The Arts -Literature
The Arts -Literature
The Arabic language is shared by many nations, and Arabic literature from these countries serves the whole of the Arab world. The Jordanian region itself has a long tradition of prose: the oldest example of a Semitic script, the Mesha Stele, was found in Karak. Unfortunately, few Jordanian works are translated into other languages and thus remain inaccessible to most foreigners.

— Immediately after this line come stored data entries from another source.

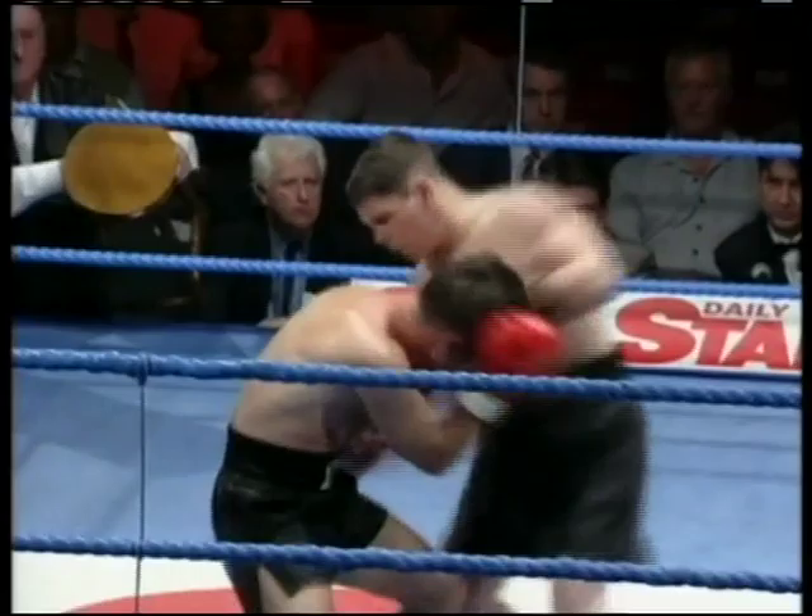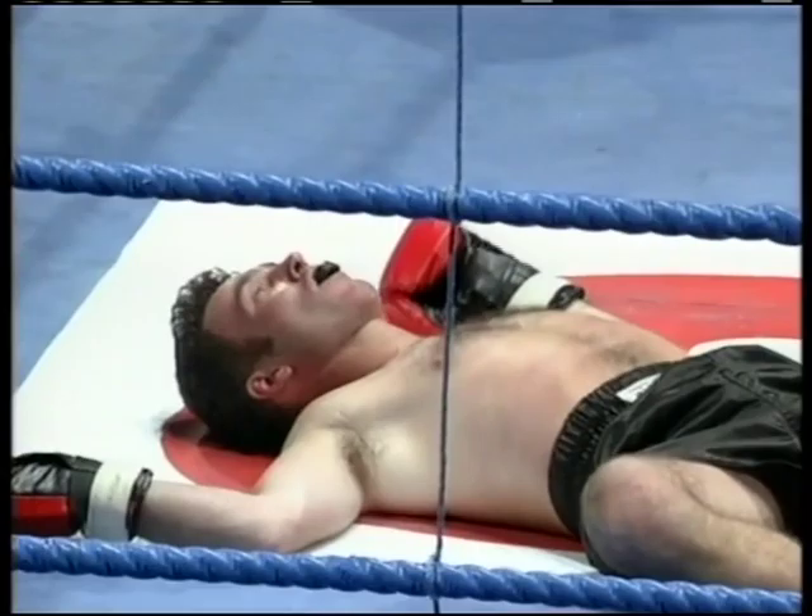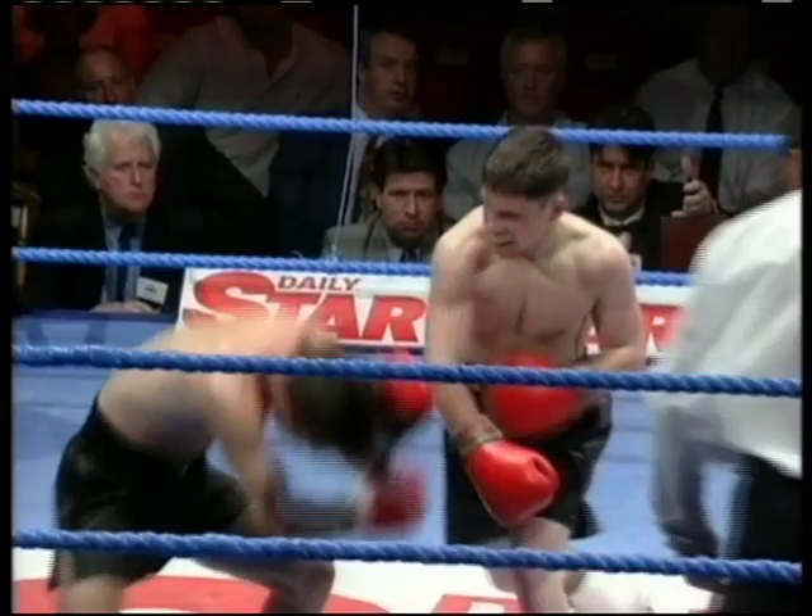McGrath tries a right, bounces off Lewis. Oh, got him again. Oh, what a good finish that was — what a great finish. The left-right combination, and Graham McGrath is flat on his back. Ian John Lewis not even bothering to count.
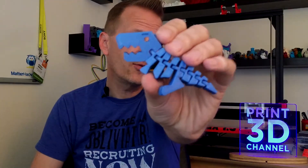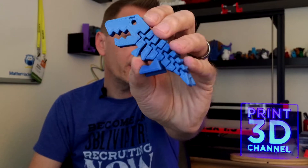Today's episode, we printed out another one of those cool print-in-place flexible toys, and this is FlexRex, and he turned out awesome. I am really happy with the results.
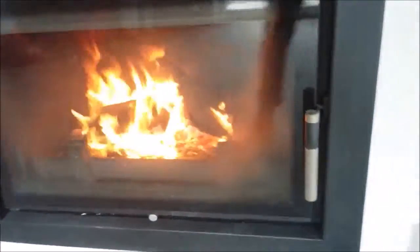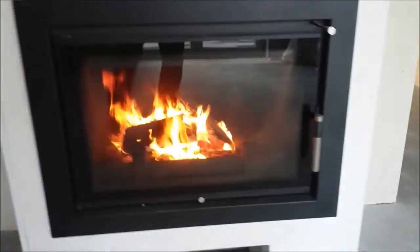All our stoves have the option to extract air from outside to comply with building regs for airtight passive homes. This is optional — not everyone will need this.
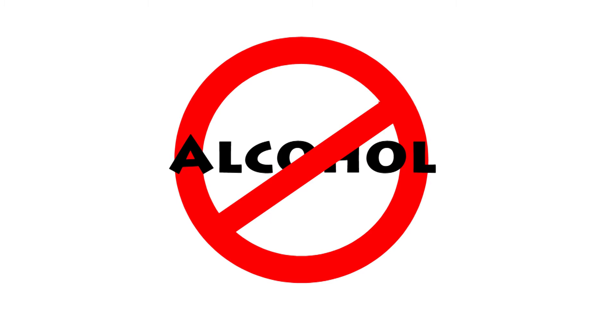Before we begin, let me remind you to not use alcohol for cleaning. It is not a good cleaning agent, and because of its rapid evaporation, it cannot sterilize instruments.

Among English travel accounts, C. M. Doughty’s Arabia Deserta and Wilfred i Thesiger’s more recent Arabian Sands are powerful adventure stories inspired by a romanticized version of Bedouin lifestyle. T.E. Lawrence’s Seven Pillars of Wisdom contains vivid descriptions of the battles fought and the territory explored during the Arab Revolt of 1916; even if you don’t reach Wadi Rum in the Jordanian desert, see David Lean’s magnificent Lawrence of Arabia on the big screen. King Abdal-lah’s two-volume Memoirs and King Hussein’s Uneasy Lies the Head are self-serving but dispel once and for all the myth that it’s good to be the king. The Arab Legion chief of the 1940s and 50s, John Bagot Glubb (Glubb Pasha), wrote A Soldier With the Arabs and several books based on his life. A little less adventurous but more erudite is Jonathan Raban’s Arabia: A Journey through the Labyrinth. Gertrude Bell, one of the first female Western travelers in the region, writes of her journeys through Jordan and Syria in The Desert and the Sown.
For the archeologically and historically inclined there are G.L. Harding’s Antiquities of Jordan and Julian Huxley’s From an Antique Land. Ian Browning’s Petra is wonderfully comprehensive. Finally, Agatha Christie’s Argument with Death is a light introduction to the mesmerizing power of Petra.